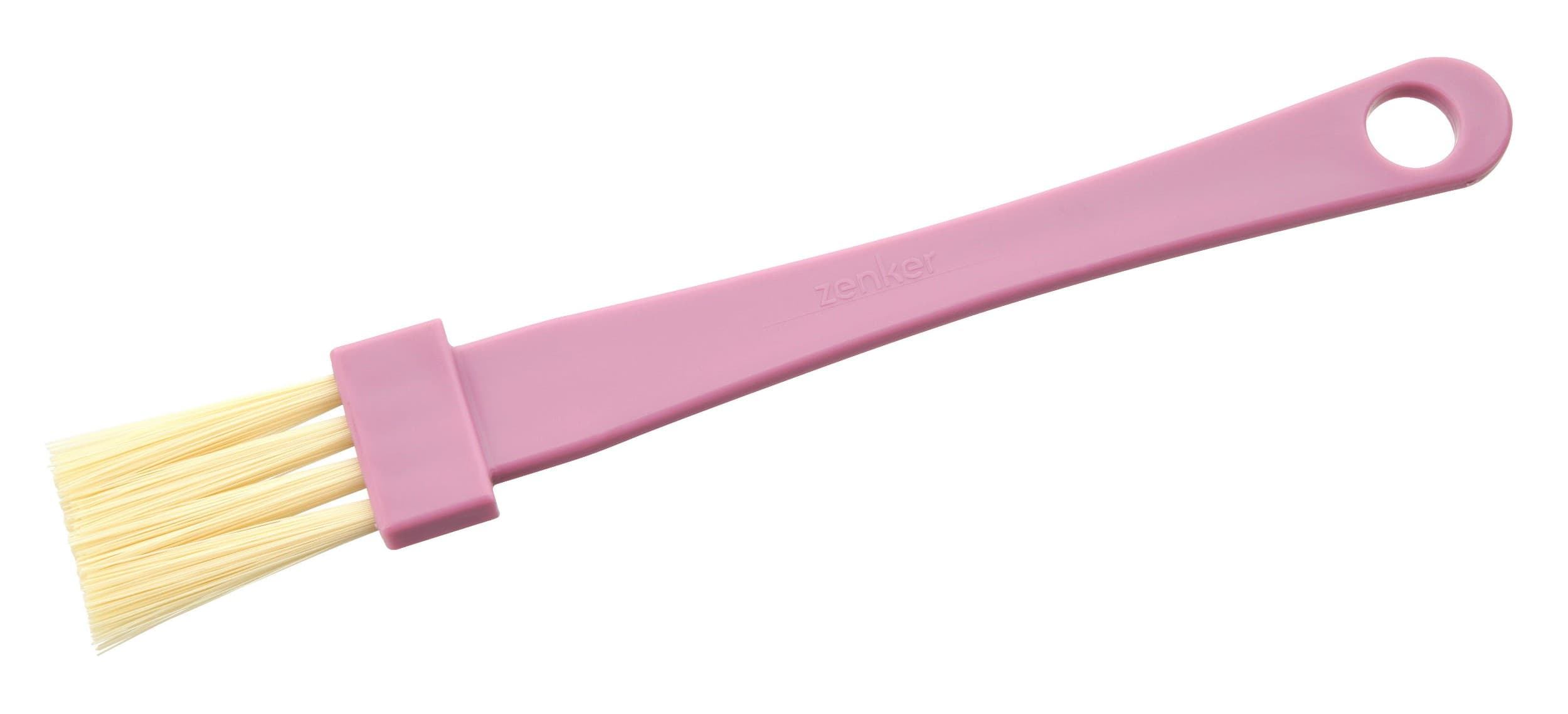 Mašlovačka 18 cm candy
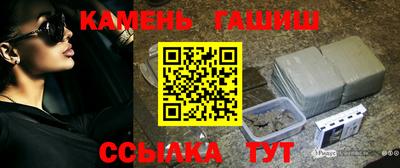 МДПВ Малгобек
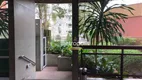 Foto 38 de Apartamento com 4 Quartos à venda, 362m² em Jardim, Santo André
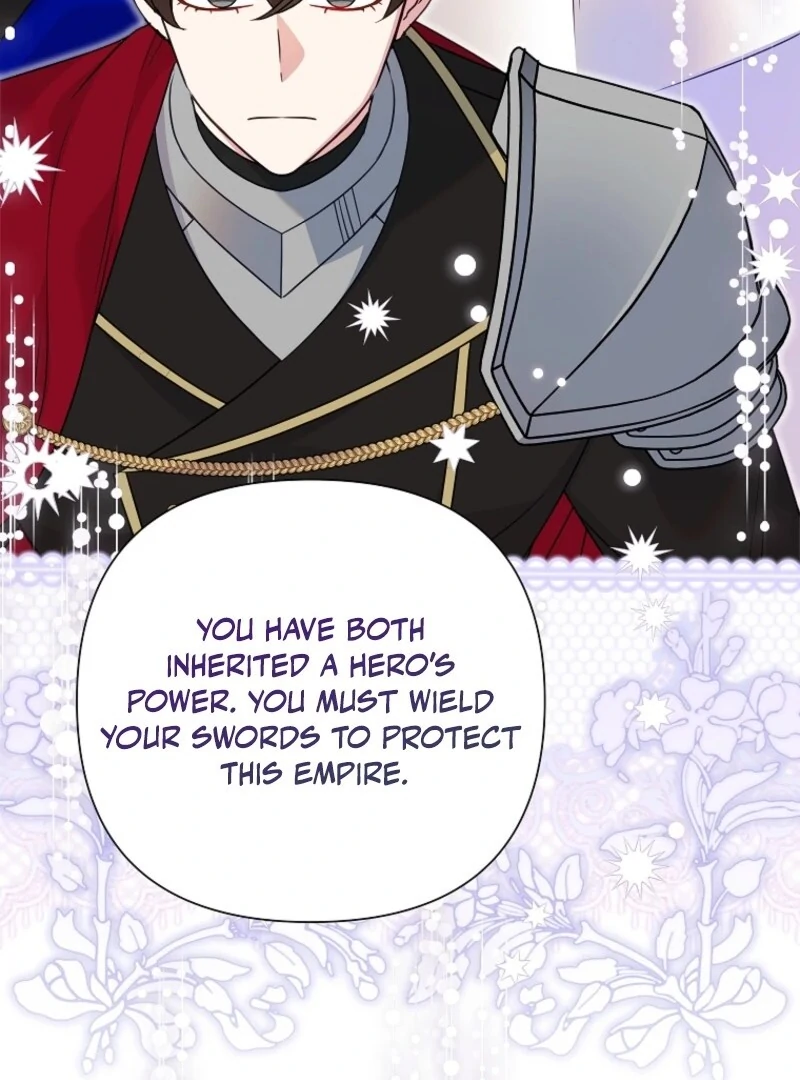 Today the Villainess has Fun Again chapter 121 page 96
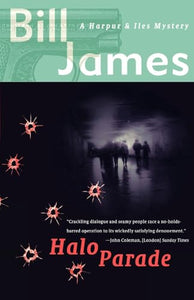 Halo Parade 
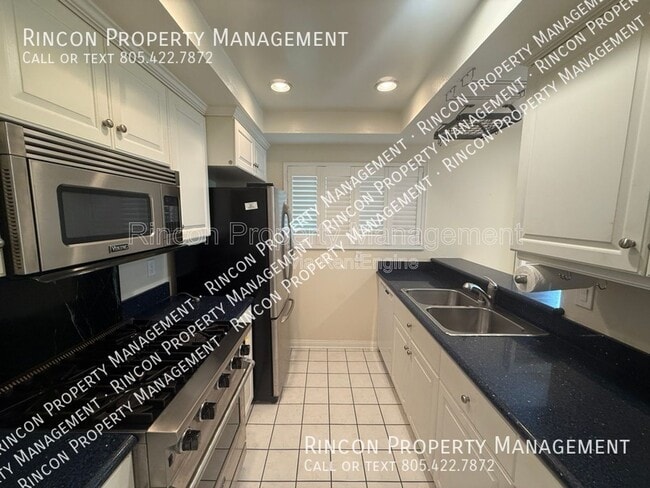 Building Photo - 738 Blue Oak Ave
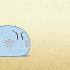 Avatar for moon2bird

■ **TASK TO COMPLETE**
In your copy, include every record word for word but no pictures.

■ **ANSWER FOR THIS EXERCISE**
 Mašlovačka 18 cm candy
 МДПВ Малгобек
 Foto 38 de Apartamento com 4 Quartos à venda, 362m² em Jardim, Santo André
 Today the Villainess has Fun Again chapter 121 page 96
 Halo Parade 
 Building Photo - 738 Blue Oak Ave
 Avatar for moon2bird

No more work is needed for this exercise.